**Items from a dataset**
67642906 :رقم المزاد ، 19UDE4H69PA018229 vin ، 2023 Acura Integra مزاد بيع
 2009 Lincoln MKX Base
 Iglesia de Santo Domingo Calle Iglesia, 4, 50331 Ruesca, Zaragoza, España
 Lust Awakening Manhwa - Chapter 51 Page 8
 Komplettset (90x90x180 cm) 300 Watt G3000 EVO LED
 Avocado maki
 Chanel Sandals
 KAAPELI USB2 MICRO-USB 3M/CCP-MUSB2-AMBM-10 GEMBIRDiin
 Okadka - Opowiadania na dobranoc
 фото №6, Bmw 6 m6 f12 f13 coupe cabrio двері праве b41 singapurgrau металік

**Work to complete**
The response should contain only a verbatim copy of the lines from the line with "Avocado maki" to the final line of the records.

**Result**
 Avocado maki
 Chanel Sandals
 KAAPELI USB2 MICRO-USB 3M/CCP-MUSB2-AMBM-10 GEMBIRDiin
 Okadka - Opowiadania na dobranoc
 фото №6, Bmw 6 m6 f12 f13 coupe cabrio двері праве b41 singapurgrau металік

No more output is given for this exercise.